Hmmm. Doesn't sound much like a weight loss forum to me... We all eat or drink foods that are counter prouductive to losing weight and getting healthier, but I don't understand the 'bragging" about it. Misery loves company?


----------



## Bellyman (Jul 6, 2013)

My big "cheat" was going over to a friend's house for dinner a couple of weeks back and having a small baked potato and a tiny slice of key lime pie. I ate that mostly to be polite, not so much that I wanted either. 

I want to lose weight more than I want any specific food. I have a goal in mind and it's a long way off. My short term goal is only 4 pounds away as of this morning. That's only to get back to where I was when I broke my leg 2-1/2 years ago. After that, I have another 65 pounds to go, which would get me back to "one-derland"!


----------



## Wolf mom (Mar 8, 2005)

light rain said:


> Hmmm. Doesn't sound much like a weight loss forum to me... We all eat or drink foods that are counter prouductive to losing weight and getting healthier, but I don't understand the 'bragging" about it. Misery loves company?
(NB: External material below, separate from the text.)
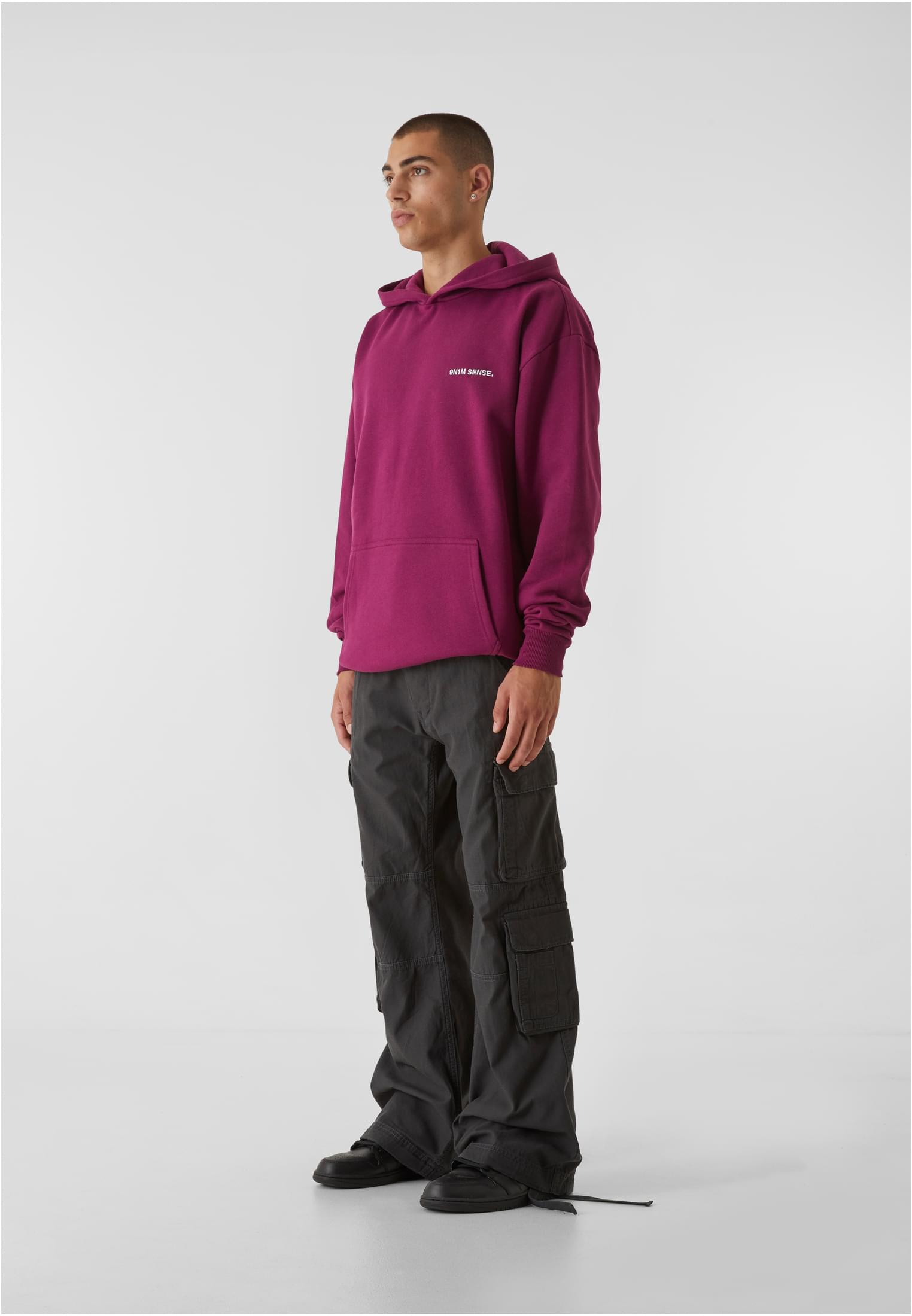 9N1M Sense Felpa con cappuccio Essential aubergine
Don't know if it's so much "bragging" about it, as poking fun at myself. Everyone does things like this once in a while. Why not laugh about it and move on? Or should we beat our selves up over it and become guilt ridden and morose?


----------



## light rain (Jan 14, 2013)

But after you commented several folks repeated their slips/poor choices as if in a cammadiere. Again, I speculate was this response anticipated??? Too bad...


----------



## Wolf mom (Mar 8, 2005)

light rain, why do you care? Why do you want to hammer on this? Are you trying to make me feel guilty about posting something I did? 
People answered anyway they wished. I had no expectations about any comments. You are the only one who is keeping on being negative about this.


----------



## Bellyman (Jul 6, 2013)

light rain said:


> Hmmm. Doesn't sound much like a weight loss forum to me... We all eat or drink foods that are counter prouductive to losing weight and getting healthier, but I don't understand the 'bragging" about it. *Misery loves company?*


Yes, it does. 

It's also a way for us to tell Wolf mom that she's not the only one who has a slip-up from time to time. It's the equivalent of seeing your friend get stuck sitting in the corner by themselves and you dragging your chair over to sit beside them so they won't be alone anymore. 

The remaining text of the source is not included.